Да, у нас, кстати, сплошь финансисты и юристы, а между тем, когда ищешь финансиста или юриста, найти профи практически невозможно. Потому что никто из них не знает ни финансов, ни права. Единицы выходят из университета со знаниями. Но это уже проблема университетов. Большую часть знаний я вынес из практики, из проектов, на которых работал.
Есть книга «Атлант расправил плечи». Она, в принципе, тоже про магнатов, но там важная идея заложена: владелец ты компании или рабочий, только труд и правильное отношение к делу, ведущее к результату — основа благосостояния общества. Если ты делаешь что-то хорошо, ты будешь успешным человеком. Я знаю столяров, которые финансово очень успешны.

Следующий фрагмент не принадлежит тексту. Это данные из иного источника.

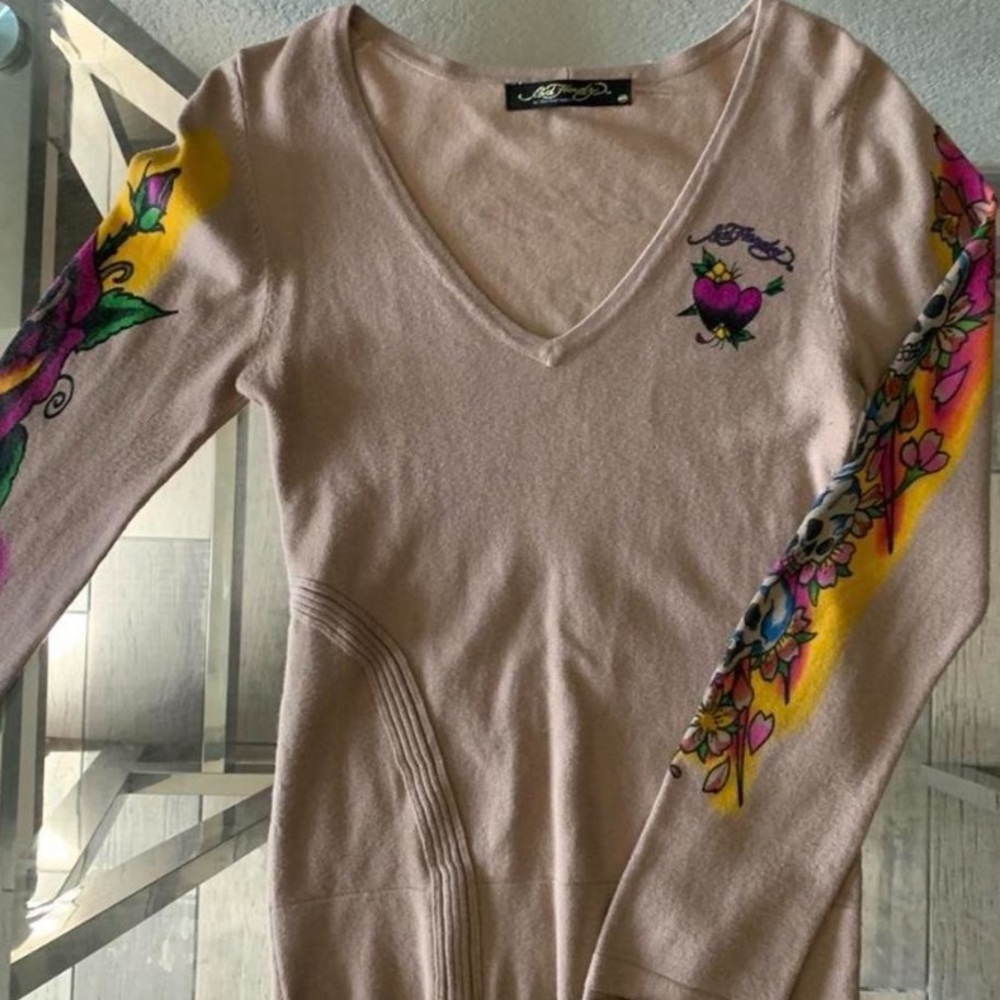 beige Ed hardy long sleeve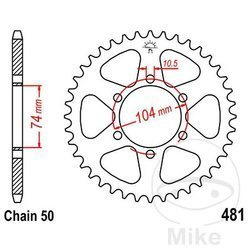 Stahl Kettenrad Hinten JT JTR481.40 ilość zębów 40Z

V: Вам достаточно того, что есть в вашей жизни? Вам интересно?
Бывают моменты, когда мне хочется чего-то захватывающего, и я, например, иду и прыгаю с вышки. Но в целом, мне очень интересно то, что я делаю на работе; то, что делаю дома. Допустим, мы с пятилетним сыном разбираем шахматные задачи. Месяц назад он еще не знал фигуры, а сейчас уже может решать задачи-одноходовки. Вчера он не умел считать до десяти, а сегодня считает до сотни. Если этим заниматься, прогресс очень быстрый. Вот в таких вещах — и есть самое интересное в семье. Шторы поехать выбрать — оказывается, это может быть остросюжетным приключением.
Конечно, раньше у меня были экстраординарные поступки, которые не все делают — в Боровое поехать в автономку на велосипеде, с палаткой, набором воды-еды; с банджи прыгнуть или с парашютом. Это все здорово, но есть вещи — в работе, в семье, которые тоже доставляют огромное удовольствие, поэтому у меня нет внутренней потребности каждый день откуда-то прыгать или куда-то нырять и т.д.
Сейчас у меня есть идея фикс — пробежать марафон. Это такое отдельное приключение, которое разнообразит жизнь.
V: Вы ведь ради марафона бросили курить?
Да, бросил курить, специально готовился и продолжаю готовиться. Я в силу своих физических кондиций никогда не стану марафонским бегуном, но прийти к максимально возможной форме, выдержке, силе воли — это для меня очень важно.
Вся жизнь состоит из вывозов. Перевести за два года всю страну в формат электронных закупок — в свое время это было недостижимо. Получилось. Теперь мы хотим перевести всех на электронные контракты. Будь то работа, семья или что-то еще, жизнь — это всегда вызов.
V: Вы рассказывали в фэйсбуке о каком-то очередном ноу-хау, и кто-то из комментаторов написал, что, мол, Жень, ты вчера женился, ты о чем вообще? Вы ответили: «Я ведь женился, а не умер — в обед женился, после обеда поехал работать». Для вас такой ритм жизни — норма?
Для нас с супругой жениться не означало устроить торжество. Просто зафиксировать наш союз. Зачем из этого создавать ажиотаж?
На самом деле, чтобы что-то отпраздновать, не обязательно иметь какой-то повод. А делать что-то для кого-то... Это нервотрепка и распыление на то, что не нужно.
V: То есть вы не сторонник церемоний?
Я очень не люблю церемоний. Все это раскланивание, расшаркивание.
Не в этом же жизнь, не в этом счастье.